While companies are already working to break down departmental silos, leaders will need to eliminate these barriers entirely in order to increase productivity. Organizations will seek to pool resources across the enterprise and touchpoints to fully leverage existing skillsets and meet consumer demand without the need for additional people. Leaders will focus internally, allowing this erosion of boundaries to bring forth their companywide concentration on the customer journey.
"For example, bank branch tellers are often idle for several hours, especially during the middle days of the week," says Rajeev Venkat, senior director, solutions marketing at Verint. "They possess similar customer interaction skills [as compared to contact center agents]. Therefore, instead of having to add more people in the contact center, calls can be routed to available workers in the branch. The technology to accomplish this exists today, but most organizations operate within departmental silos with little to no visibility into the manageability of the work, people, and processes in different departments of the enterprise."

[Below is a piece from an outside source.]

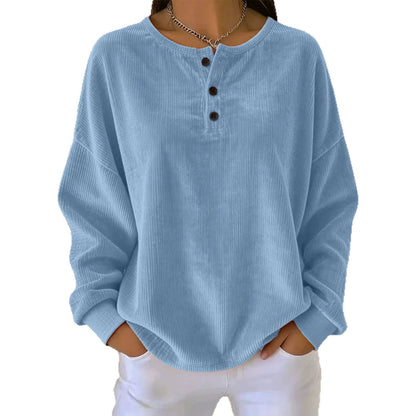 Women's Loose-fitting Round-neck Solid-color Button Sweatshirt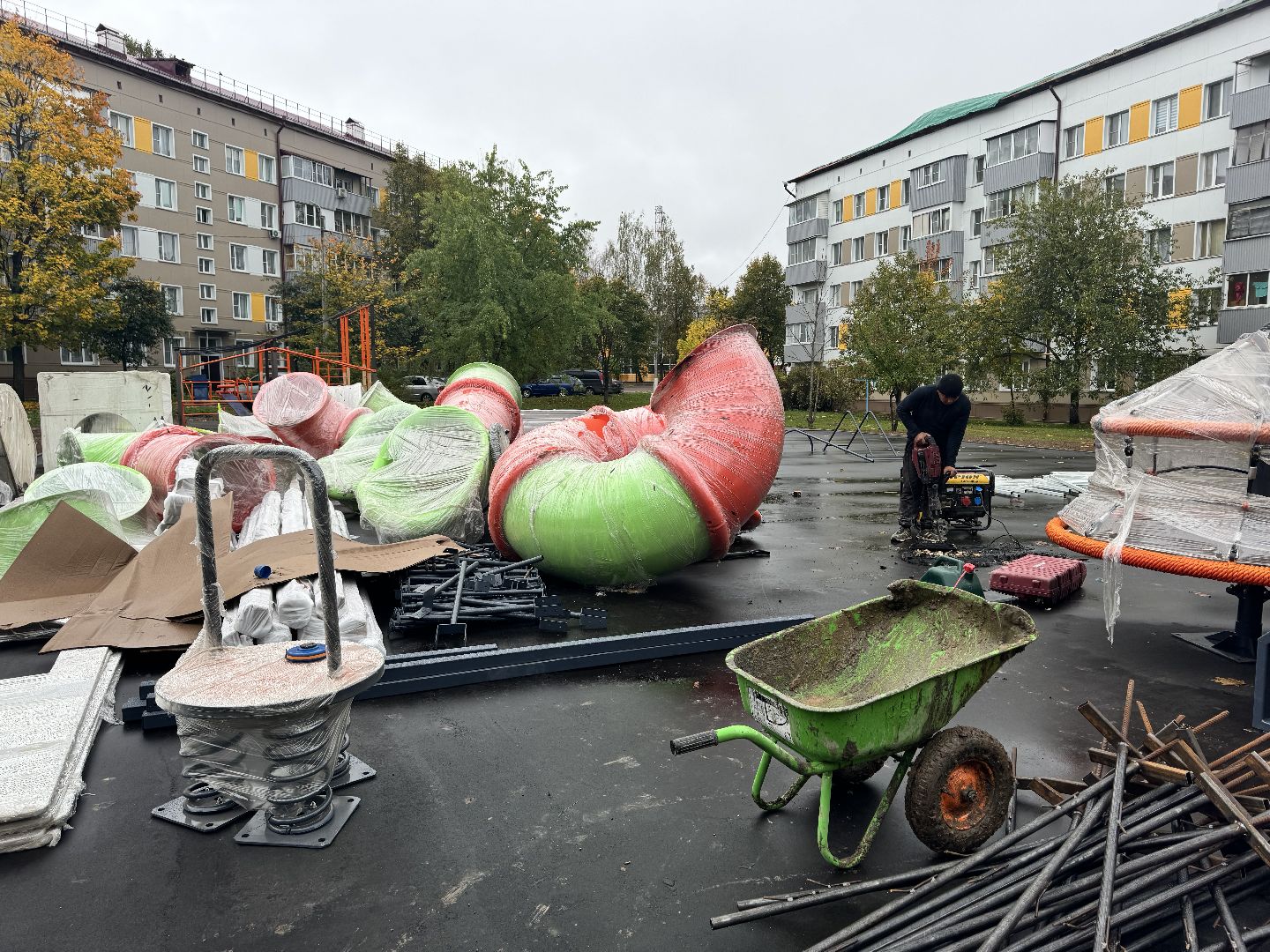 шаховская, детская игровая площадка губернатора, установка детской площадки,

Companies will also look to align organizational and individual purpose, for money no longer serves as the primary motivation behind employee performance. "The future workforce will look for more than just a paycheck-they will want evidence of how they will grow and gain purpose from their work," He emphasizes. "Companies will shift their focus from trying to create or measure employee engagement, to building a culture that encourages and enables growth and meaning."
Fostering purpose, however, will require an internal culture change. Employee engagement sets the tone for whether or not workers feel they have room to experiment and grow their skills with support from the company. For such relationships to continue and thrive, organizations must refocus their emphasis on accomplishments, not metrics, in order to create engagement naturally. Businesses must also recognize that, though future employees may not stay with one single company as long as their predecessors, each worker will likely have a greater impact on the organization in a shorter period of time, resulting in a win-win for the employee and the employer. Thus, engagement driven by purpose will prove profitable for everyone involved.